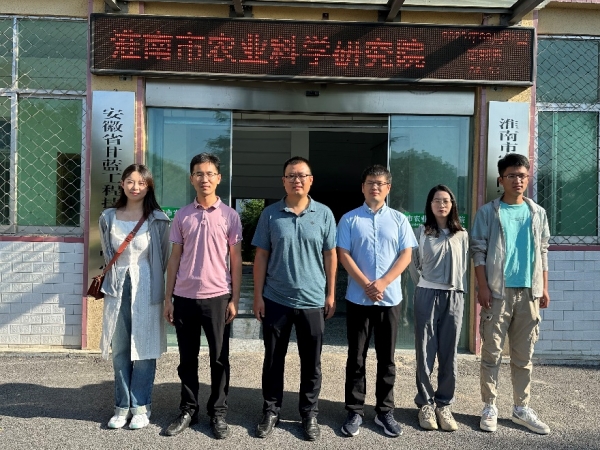 图片17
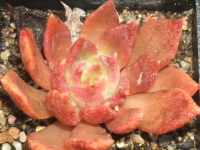 echeveria affinis cv ´Black Princ´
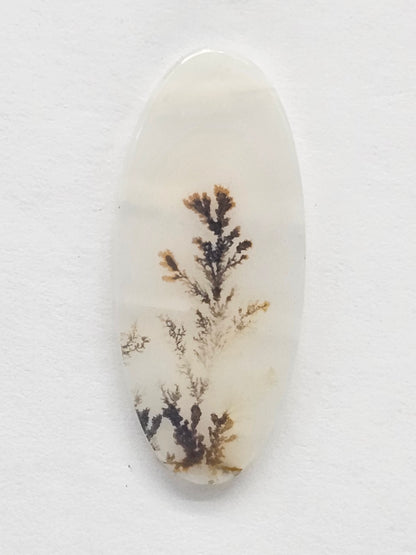 Scenic Dendritic Agate Cabochon – Natural Landscape Stone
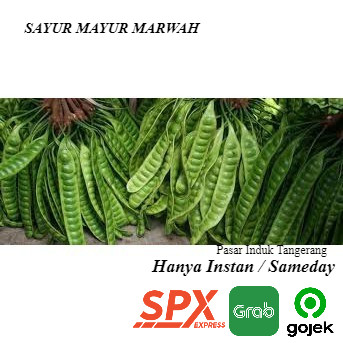 

Grosir Per 1 Papan Pete Petai Segar Murah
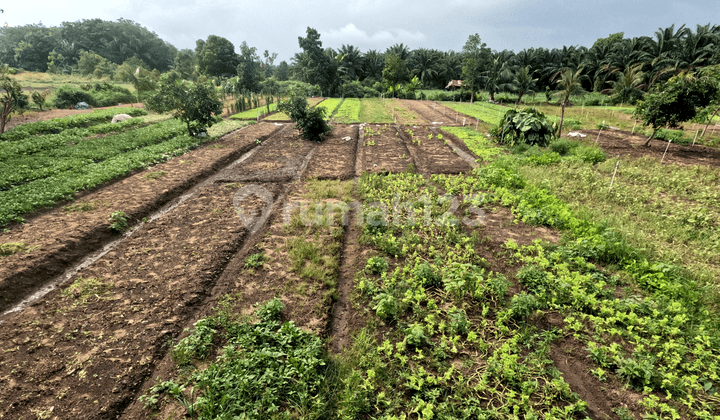 Dijual Cepat: Lahan Potensial/Prospek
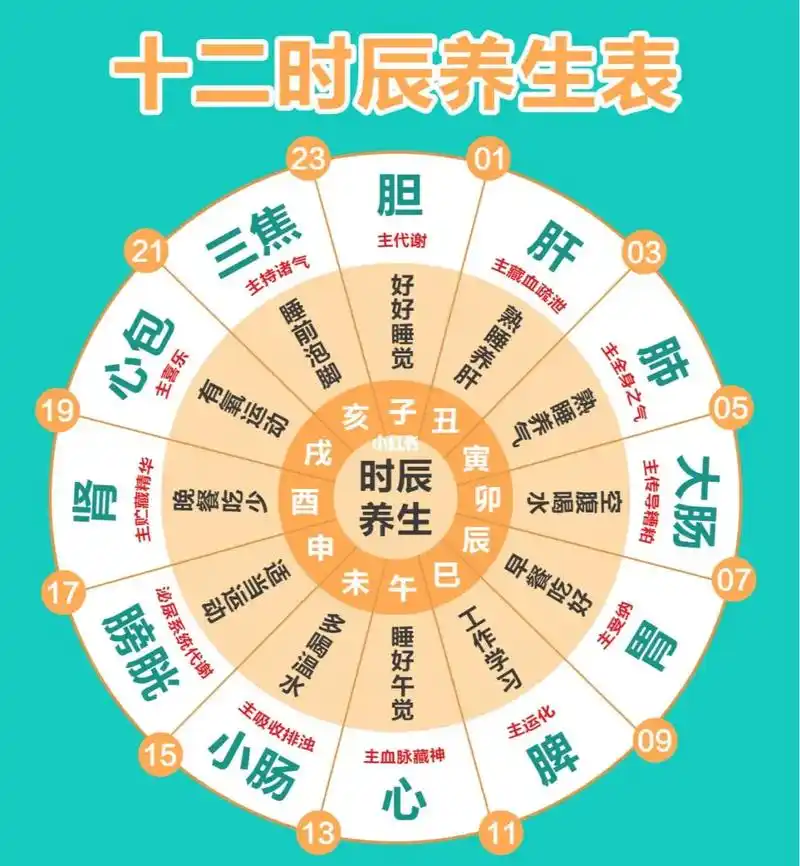 十二时辰养生之一——子时养生 照顾好胆经是最好的进补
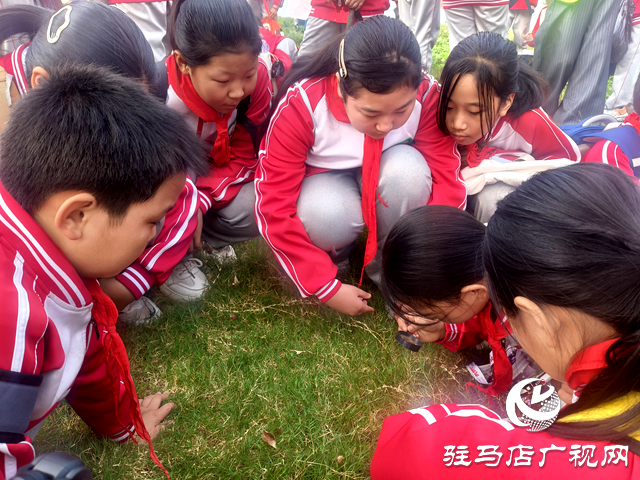 駐馬店市第三十七小學(xué)開展“賞秋日之美 探科學(xué)之秘”徒步研學(xué)活動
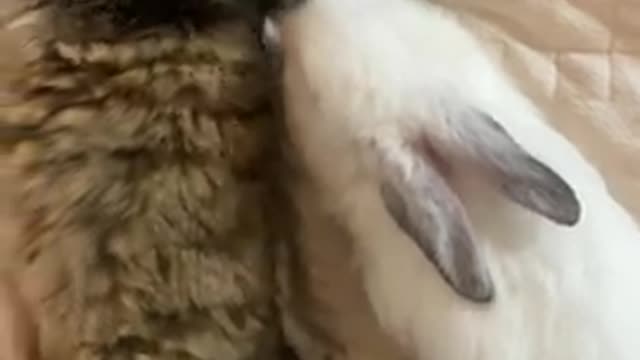 if you are animal lover or cat lover you must watch this video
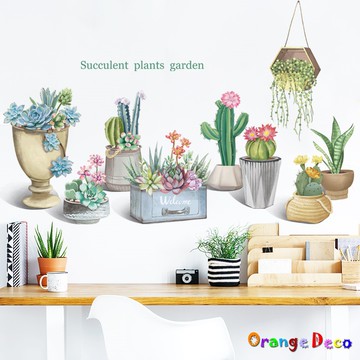【橘果設計】多肉植物 壁貼 牆貼 壁紙 DIY組合裝飾佈置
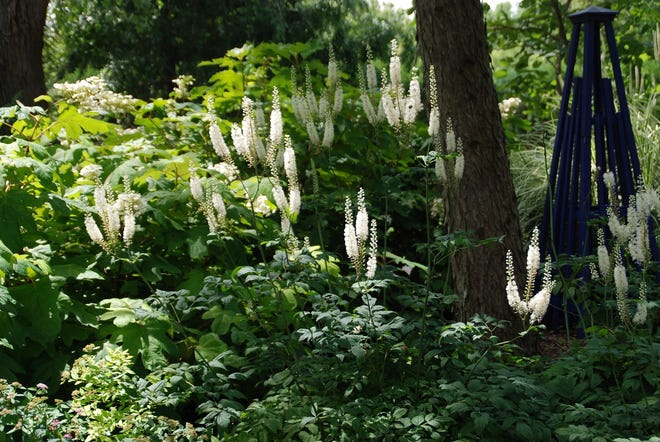 Bugbane’s white spires of flowers will provide some height to the shady areas in the landscape.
::::::::::
▸ About this exercise: None of the pictures should be copied, but every record above must be returned exactly.

▸ Response for this exercise:
 图片17
 echeveria affinis cv ´Black Princ´
 Scenic Dendritic Agate Cabochon – Natural Landscape Stone

Grosir Per 1 Papan Pete Petai Segar Murah
 Dijual Cepat: Lahan Potensial/Prospek
 十二时辰养生之一——子时养生 照顾好胆经是最好的进补
 駐馬店市第三十七小學(xué)開展“賞秋日之美 探科學(xué)之秘”徒步研學(xué)活動
 if you are animal lover or cat lover you must watch this video
【橘果設計】多肉植物 壁貼 牆貼 壁紙 DIY組合裝飾佈置
 Bugbane’s white spires of flowers will provide some height to the shady areas in the landscape.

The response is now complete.